[Scraped caption text data]

::::::::

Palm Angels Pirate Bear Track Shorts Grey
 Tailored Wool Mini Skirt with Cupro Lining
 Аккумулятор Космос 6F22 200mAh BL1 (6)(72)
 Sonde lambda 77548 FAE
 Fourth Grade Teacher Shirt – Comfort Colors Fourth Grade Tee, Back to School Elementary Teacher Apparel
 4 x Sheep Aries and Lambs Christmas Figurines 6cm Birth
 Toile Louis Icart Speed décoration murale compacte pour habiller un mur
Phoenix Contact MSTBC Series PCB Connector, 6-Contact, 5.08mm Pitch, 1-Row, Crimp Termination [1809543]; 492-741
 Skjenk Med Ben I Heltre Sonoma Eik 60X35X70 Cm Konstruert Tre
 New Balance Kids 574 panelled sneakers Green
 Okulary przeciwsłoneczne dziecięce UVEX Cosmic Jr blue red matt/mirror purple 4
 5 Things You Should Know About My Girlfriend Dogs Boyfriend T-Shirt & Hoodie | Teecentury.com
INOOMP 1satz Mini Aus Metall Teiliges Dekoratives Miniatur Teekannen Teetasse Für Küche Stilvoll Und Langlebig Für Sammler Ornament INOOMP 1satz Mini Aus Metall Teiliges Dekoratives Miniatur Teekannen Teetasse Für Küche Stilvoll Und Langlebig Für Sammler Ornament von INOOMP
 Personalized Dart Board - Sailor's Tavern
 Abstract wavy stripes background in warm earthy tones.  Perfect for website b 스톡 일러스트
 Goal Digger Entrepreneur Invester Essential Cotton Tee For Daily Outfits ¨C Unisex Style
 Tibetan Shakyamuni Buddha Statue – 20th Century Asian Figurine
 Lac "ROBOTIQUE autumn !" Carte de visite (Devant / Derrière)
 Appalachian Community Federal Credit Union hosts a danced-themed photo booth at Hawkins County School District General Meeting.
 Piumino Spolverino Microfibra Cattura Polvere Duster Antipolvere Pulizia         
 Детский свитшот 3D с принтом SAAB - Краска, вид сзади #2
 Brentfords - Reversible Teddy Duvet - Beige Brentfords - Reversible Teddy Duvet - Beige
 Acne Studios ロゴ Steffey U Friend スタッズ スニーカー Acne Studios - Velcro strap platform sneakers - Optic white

::::::::

* _GOAL OF THE EXERCISE_
Output exactly the lines between the one containing "Goal Digger Entrepreneur" and the final line above, both inclusive.

* _COMPLETED TASK_
 Goal Digger Entrepreneur Invester Essential Cotton Tee For Daily Outfits ¨C Unisex Style
 Tibetan Shakyamuni Buddha Statue – 20th Century Asian Figurine
 Lac "ROBOTIQUE autumn !" Carte de visite (Devant / Derrière)
 Appalachian Community Federal Credit Union hosts a danced-themed photo booth at Hawkins County School District General Meeting.
 Piumino Spolverino Microfibra Cattura Polvere Duster Antipolvere Pulizia         
 Детский свитшот 3D с принтом SAAB - Краска, вид сзади #2
 Brentfords - Reversible Teddy Duvet - Beige Brentfords - Reversible Teddy Duvet - Beige
 Acne Studios ロゴ Steffey U Friend スタッズ スニーカー Acne Studios - Velcro strap platform sneakers - Optic white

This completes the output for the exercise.